Why do you want to marry? 

Are you compelled by feelings of romance? 

Do material concerns influence your decision? 

Is your partner making you feel pressured to marry? Or someone else in your life? 

Consider what's motivating your willingness to marry, and if that motivation is healthy-- because there's a time that comes in every romantic relationship when a decision is made, a decision that is made only once...and then reaffirmed daily.

When it comes to a long-term relationship that progresses to marriage, you will either decide you are going to be there for this person for the rest of his or her life… or not. It all starts with your own WHY. 

And while it's not popular or politically correct to say so in a world where so many weddings end in a divorce, we don't apologize for saying that a marriage should be a lifetime contract. Therefore, someone ought to have REALLY GOOD REASONS for getting married. 

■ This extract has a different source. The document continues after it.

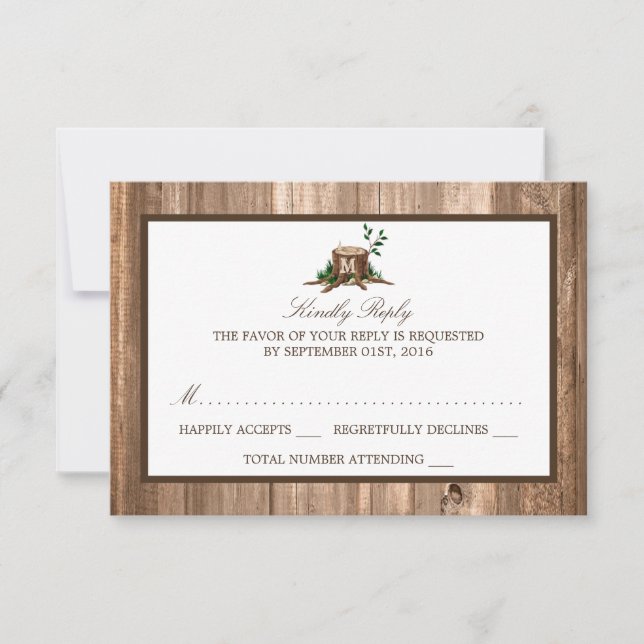 Country Rustic Monogram Tree & Wood Wedding RSVP Karte (Vorderseite)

Life is so filled with uncertainties. Whether your marriage is going to last shouldn't be one of them. That's why we compiled this list of what it means to say "I do": Every Happily Married Person Can Answer This Question

Do You Want Children?

Conflicts related to children are among the most serious that couples face-- but in our opinion none are more serious than whether or not to have kids at all. Many couples split up because one partner wants to have children but the other does not. That's a serious crossroads to reach-- and we advocate that it’s better to reach the crossroads and see the way forward (or backward) clearly SOONER rather than LATER.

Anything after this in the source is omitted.